━━━━━ Data for this exercise
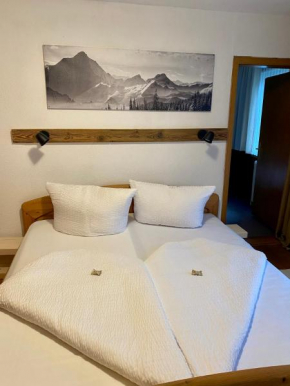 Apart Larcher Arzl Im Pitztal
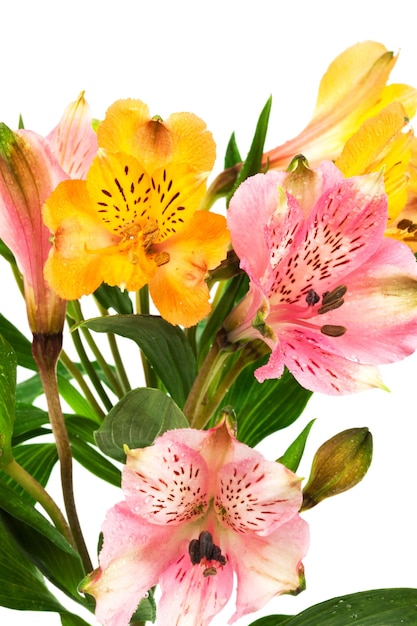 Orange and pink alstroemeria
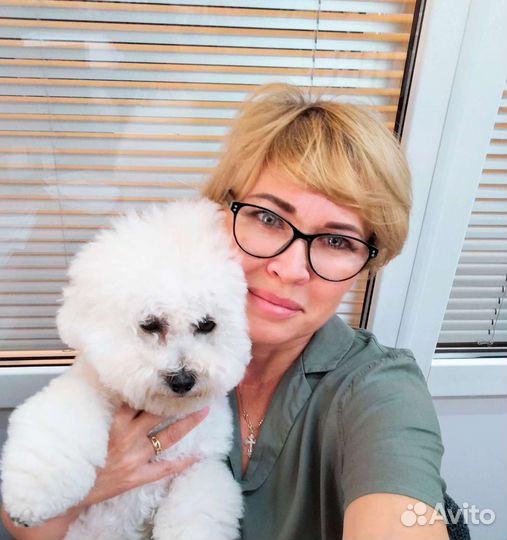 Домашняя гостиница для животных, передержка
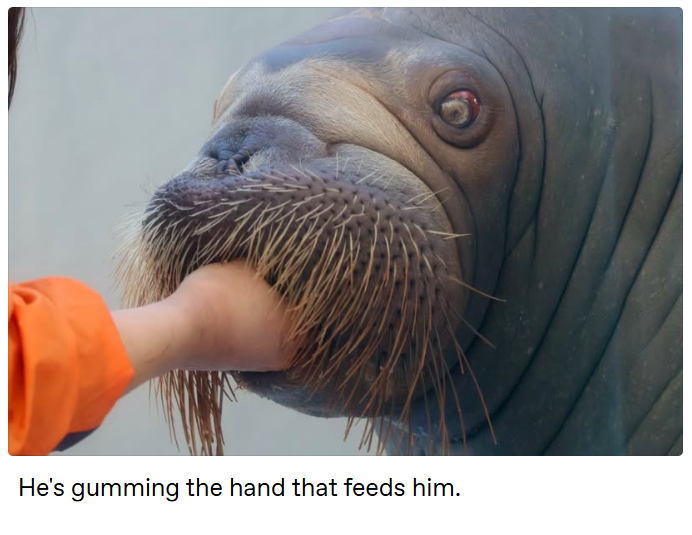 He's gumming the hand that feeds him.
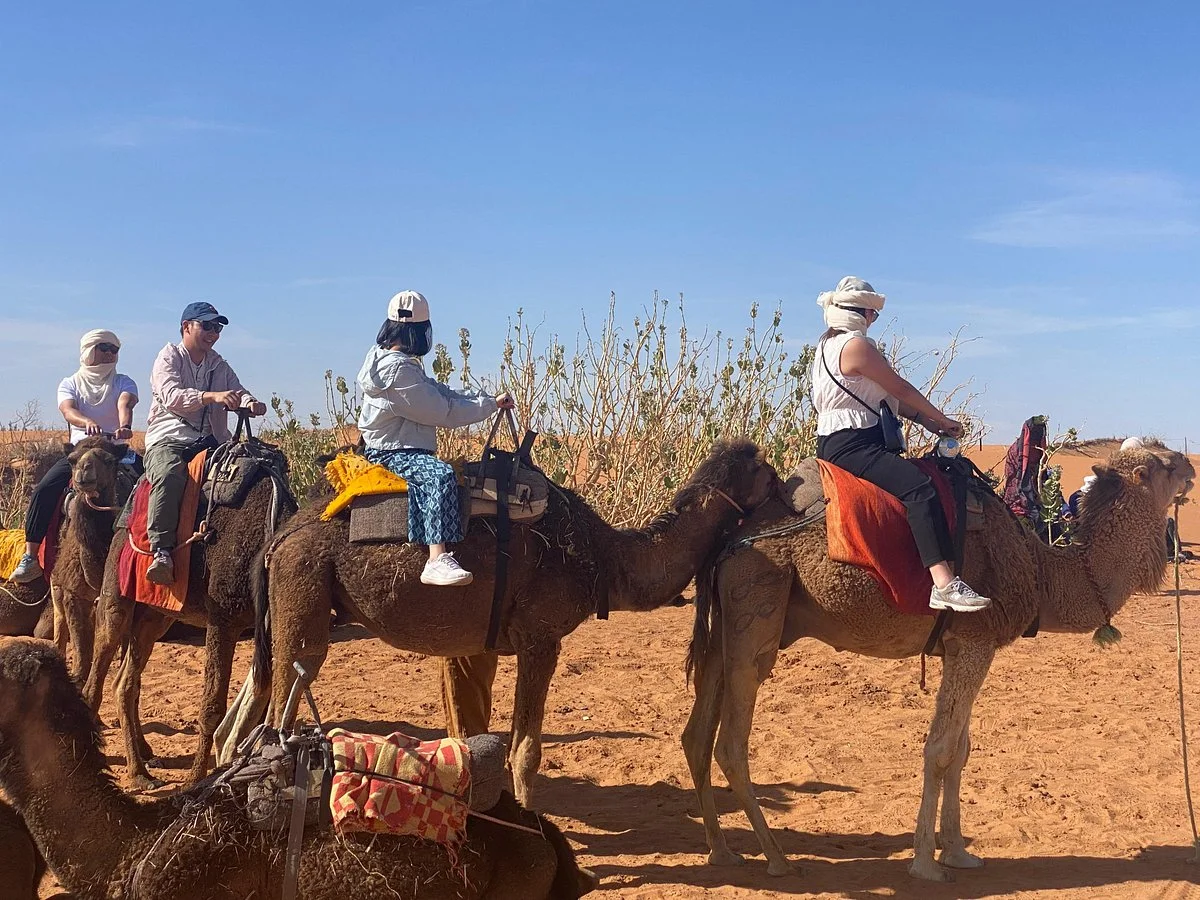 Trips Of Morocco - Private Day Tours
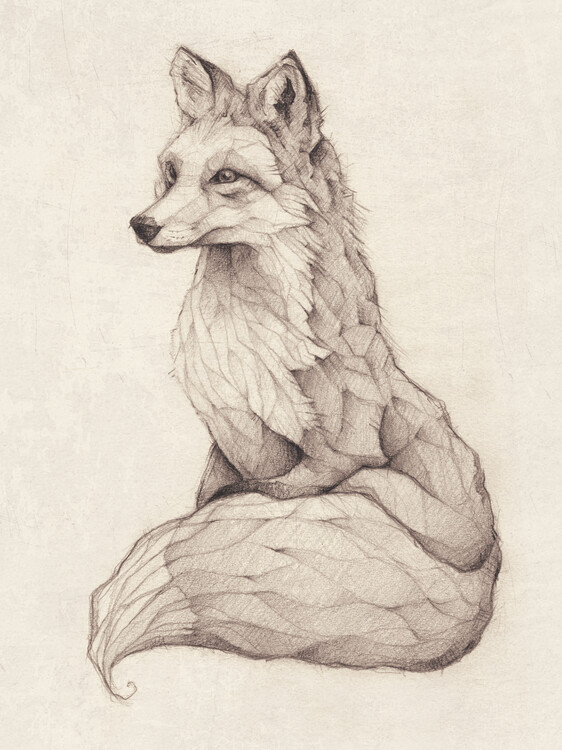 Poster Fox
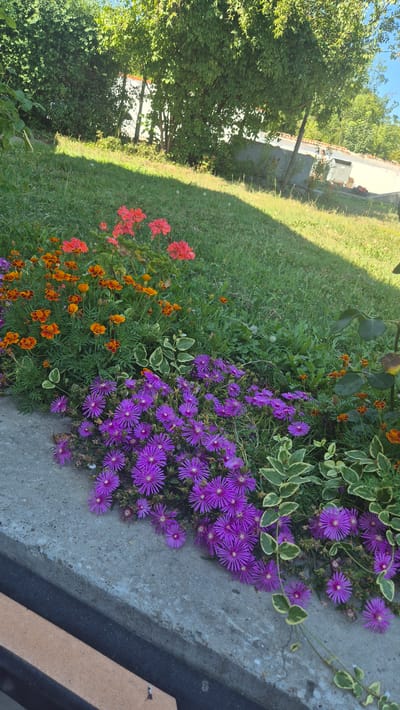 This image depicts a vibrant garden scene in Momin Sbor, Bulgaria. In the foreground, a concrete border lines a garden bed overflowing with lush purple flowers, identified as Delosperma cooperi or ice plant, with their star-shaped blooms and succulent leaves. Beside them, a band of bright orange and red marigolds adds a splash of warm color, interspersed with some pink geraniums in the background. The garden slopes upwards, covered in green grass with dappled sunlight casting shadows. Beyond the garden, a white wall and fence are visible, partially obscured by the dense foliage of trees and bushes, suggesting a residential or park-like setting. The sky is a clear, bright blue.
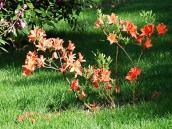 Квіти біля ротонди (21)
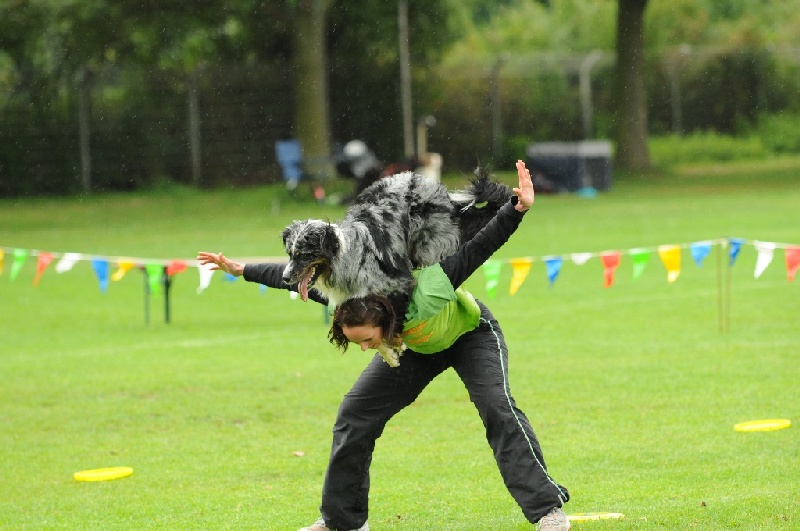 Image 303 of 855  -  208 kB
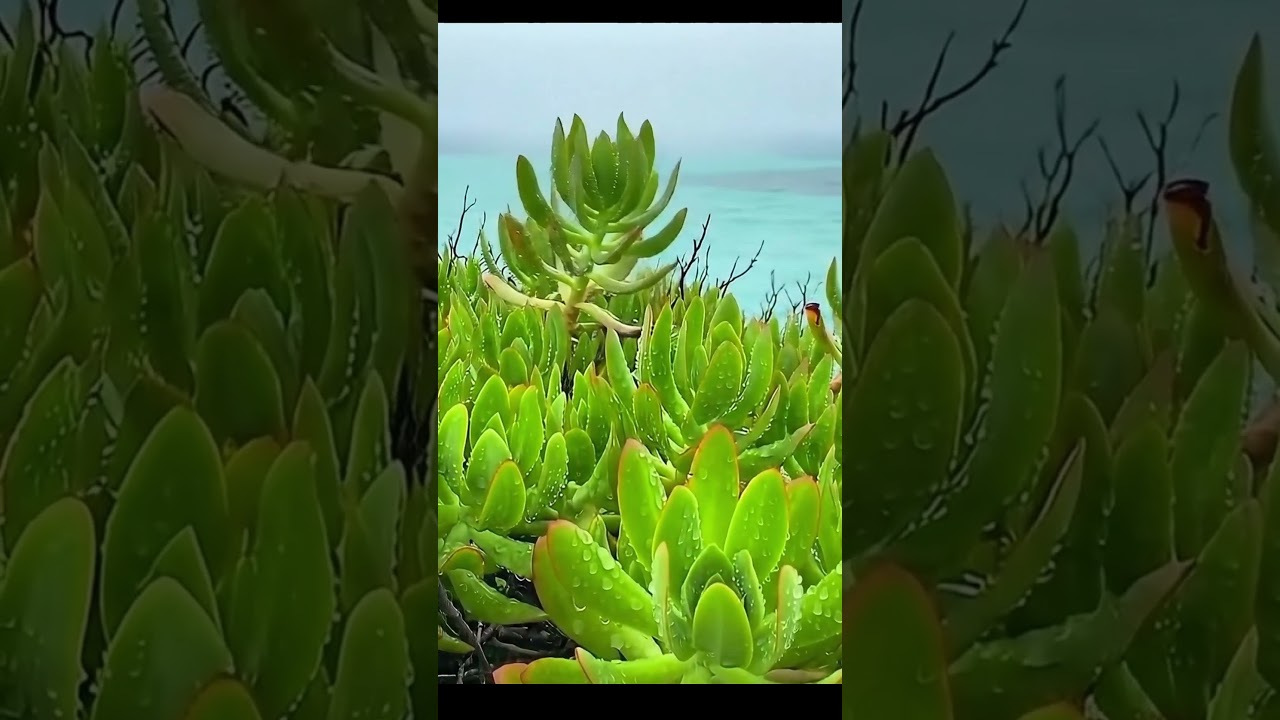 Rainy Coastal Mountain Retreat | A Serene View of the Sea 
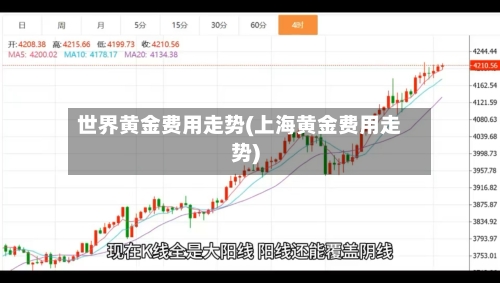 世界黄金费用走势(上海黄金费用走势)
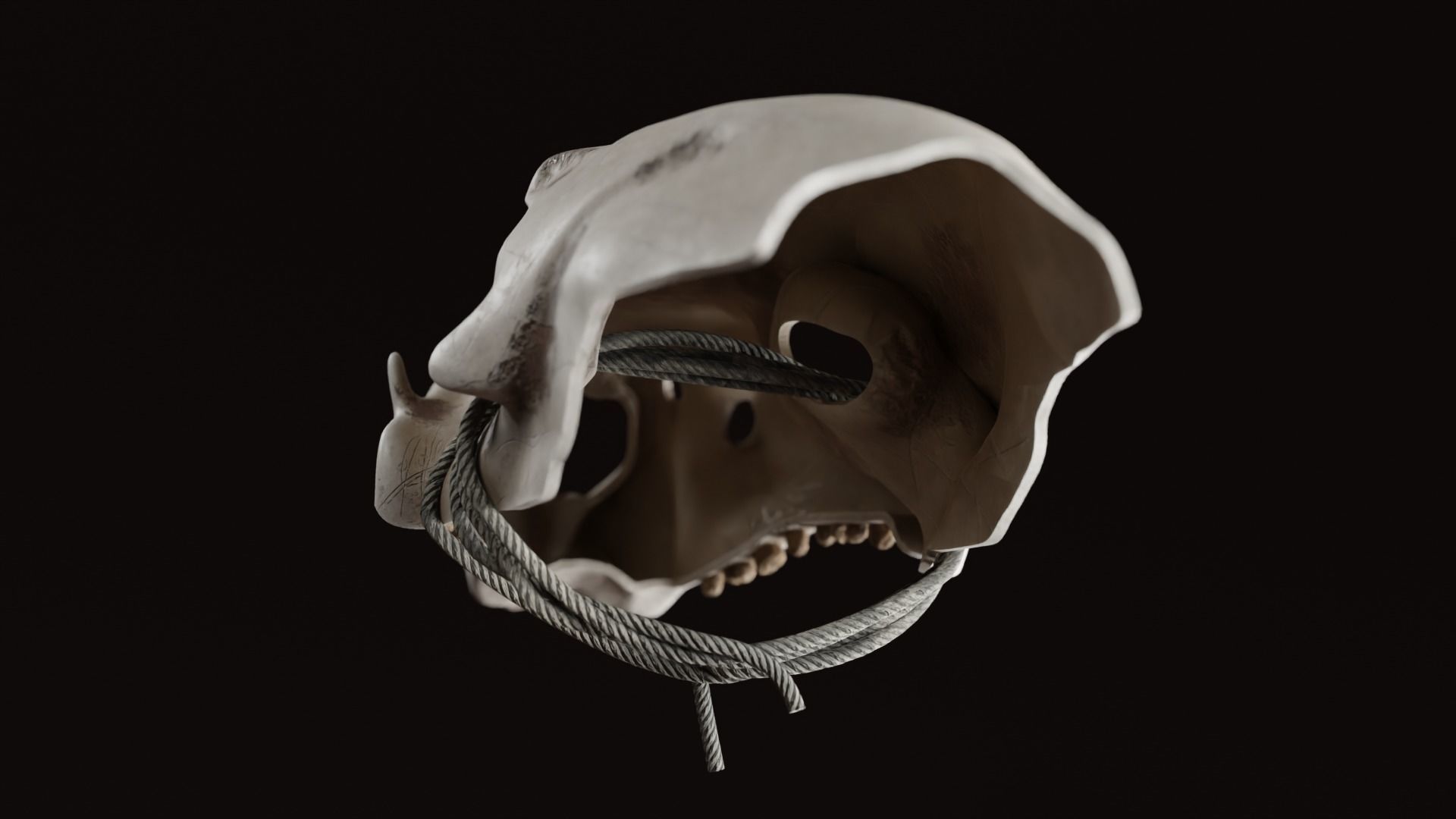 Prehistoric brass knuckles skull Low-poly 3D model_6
━━━━━━━━━━
* Required action *
Repeat the entries faithfully. Any picture gets left out.

* Output for this exercise *
 Apart Larcher Arzl Im Pitztal
 Orange and pink alstroemeria
 Домашняя гостиница для животных, передержка
 He's gumming the hand that feeds him.
 Trips Of Morocco - Private Day Tours
 Poster Fox
 This image depicts a vibrant garden scene in Momin Sbor, Bulgaria. In the foreground, a concrete border lines a garden bed overflowing with lush purple flowers, identified as Delosperma cooperi or ice plant, with their star-shaped blooms and succulent leaves. Beside them, a band of bright orange and red marigolds adds a splash of warm color, interspersed with some pink geraniums in the background. The garden slopes upwards, covered in green grass with dappled sunlight casting shadows. Beyond the garden, a white wall and fence are visible, partially obscured by the dense foliage of trees and bushes, suggesting a residential or park-like setting. The sky is a clear, bright blue.
 Квіти біля ротонди (21)
 Image 303 of 855  -  208 kB
 Rainy Coastal Mountain Retreat | A Serene View of the Sea 
 世界黄金费用走势(上海黄金费用走势)
 Prehistoric brass knuckles skull Low-poly 3D model_6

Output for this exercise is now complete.